Notes on attaining focus.

Usually around late July - early August, I experience what I call “Productivity Anxiety”. It starts by me siting down in front of my laptop to work but not being able to identify what to work on. After an hour or so of contemplation, I start feeling guilty of not working. I know that if I can’t get myself to work on something I should get up and do something else. But then I would be missing out on work wouldn’t I? And so this vicious cycle continues over days, weeks, sometimes entire months.

The quickest way to get over this mental block is to work on something of importance, something with stakes where you have something to lose. Work projects are a good place to start. However that’s not enough. The other part is knowing what to work on, or what to focus our time and energy on.

The assumption here is that we have a functional task/information management system in place. This system allows us to collect all tasks in a centralised location which makes finding things to do next easier. Task management is not enough though, we must establish a notion of priority next. I find goals and project deadlines are a good place to start to derive some prioritisation of tasks/projects at a macro level (think year, quarter or month). For long running projects that stretch over several months or years (which is fairly common in research projects) I find setting pseudo-deadlines a great way to establish what to work on next.


See my prior post on productivity and research workflow for how I manage information.

Although it’s easier to see progress over a longer period of time such as months or a year, we must approach work in smaller chunks such as over a few days or weeks. At this micro scale, I find assigning a theme per day helps minimise context switch, gain focus and stop wasting time trying to identify what to work on next. This theme can simply be a specific project or a group of similar tasks. For instance, I dedicate Mondays to writing and Fridays to reading papers. The rest of the days I break based on the current projects I am working on.


See project management for how I manage projects.

Time blocking sounds like a wonderful productivity technique on paper, but in practise it does not work. First, it takes a lot of time to plan out work blocks every week. Second, I simply do not want to live my life based on what a piece of software tells me to do. Life is dynamic and time blocking does not accommodate emergencies or impromptu decisions. I don’t pre-plan work blocks. Instead, when I do find a block of uninterrupted time, I dedicate 100% of my energy to the task(s) at hand. I turn off all distractions and minimise breaks. Usually a 15 min stretch/coffee/bathroom break in the middle of a 3 hour block works well.

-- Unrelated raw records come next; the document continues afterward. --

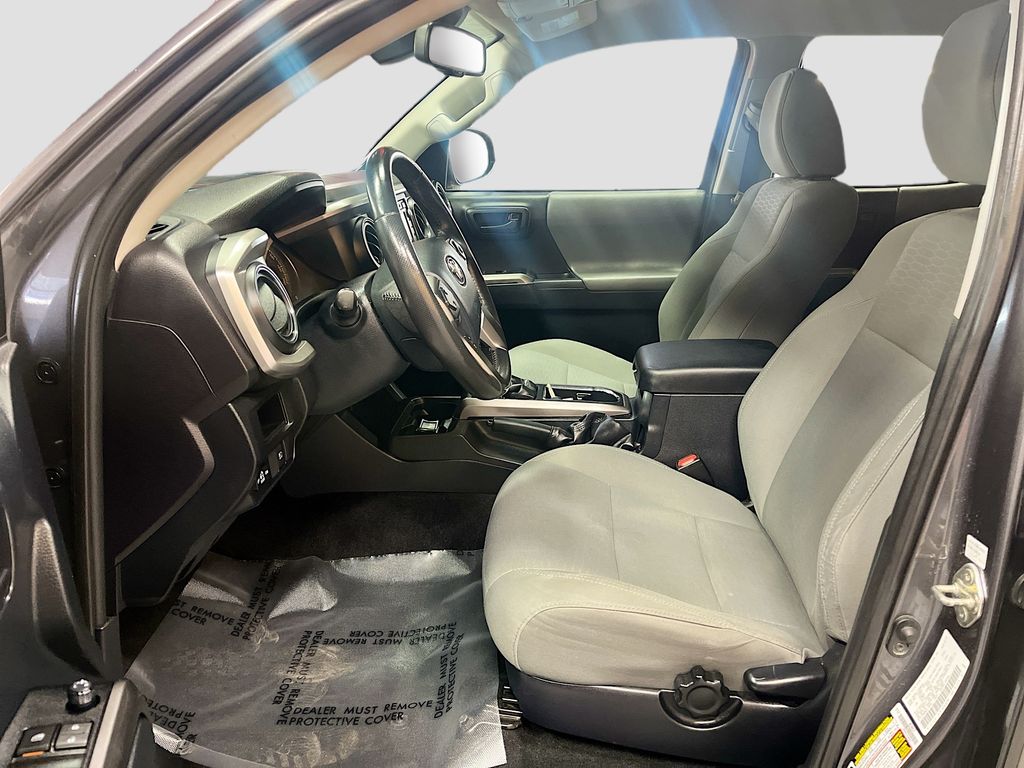 Used 2019 Gray Toyota SR5 image 19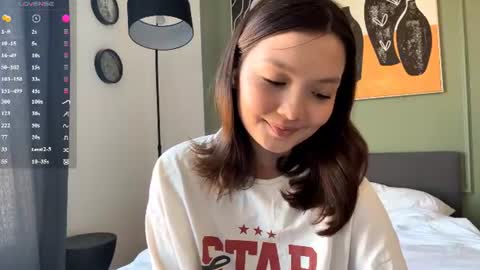 Kira online show from 06-28-26, 02:34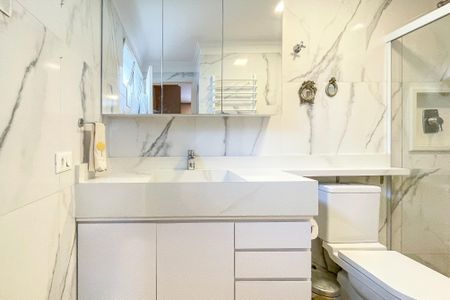 Apartamento para alugar com 113m², 2 quartos e 1 vaga Apartamento para alugar com 113m², 2 quartos e 1 vagaBanheiro da Suíte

The overarching secret to the success of this system is the act of periodic review. The reviews help me adjust the priorities and tasks for the upcoming week/month/year. I also find tracking the time spent on the work blocks valuable. This paints a nice overview of how I spent my time during the last day/week/month and helps identify any “leaks” which need to be addressed.

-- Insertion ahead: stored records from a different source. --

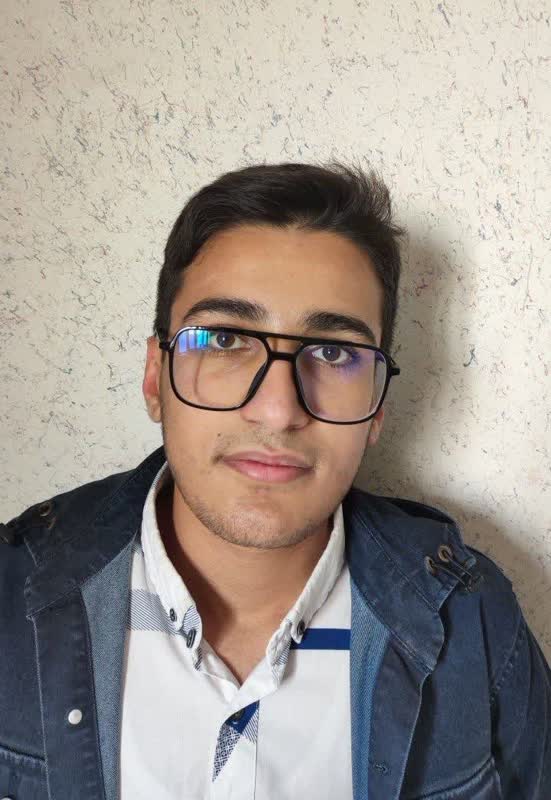 قهرمان پاییز : گفتگو با مبین حق پناه پایه یازدهم تجربی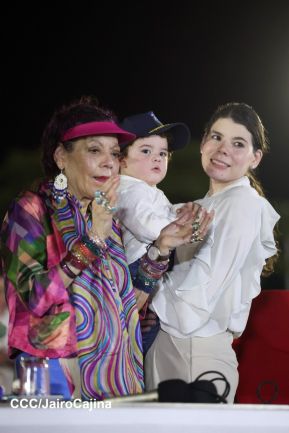 Desfile Policial “Unidad, Fuerza y Victorias” en la Avenida de Bolívar a Chávez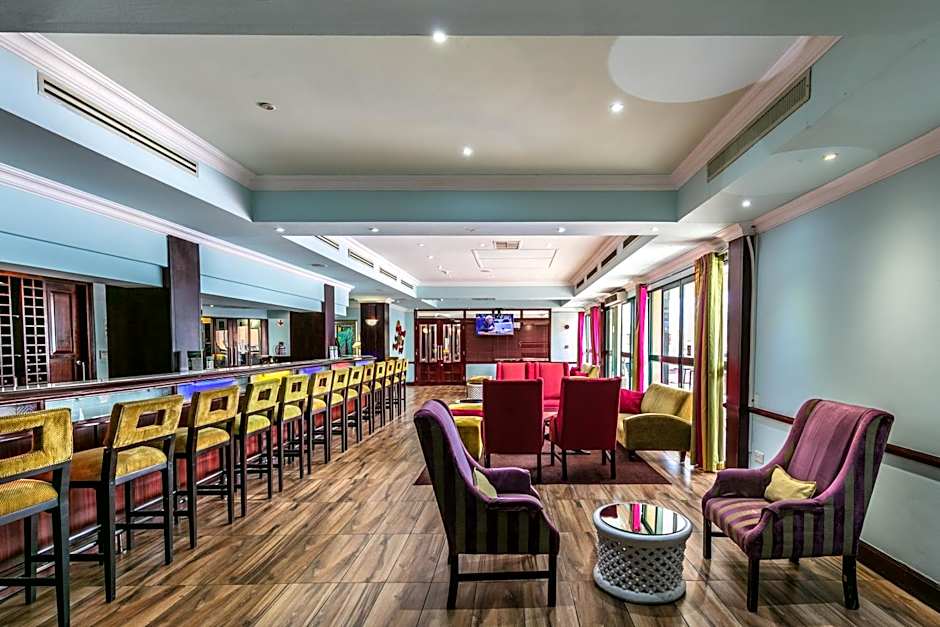 Cresta President Hotel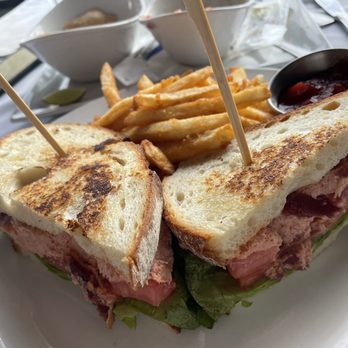 Tom Ham's Lighthouse - Crab BLT - Breakfast & Brunch Near Me - San Diego, California Tom Ham's Lighthouse - Crab BLT - Breakfast & Brunch Near Me - San Diego, California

Notes on my reviewing process can be found here.

Perhaps the most important realisation I have had is that enjoying the free time, the mundane things such as cleaning and also doing absolutely nothing is equally important as working. Being in the moment and mindful when spending time away from the screen has made the single biggest difference in my work-life balance. Even though I have a constant hum of work to do, I am able to remain sane and produce a consistent, high quality of work by simply being present in the moment.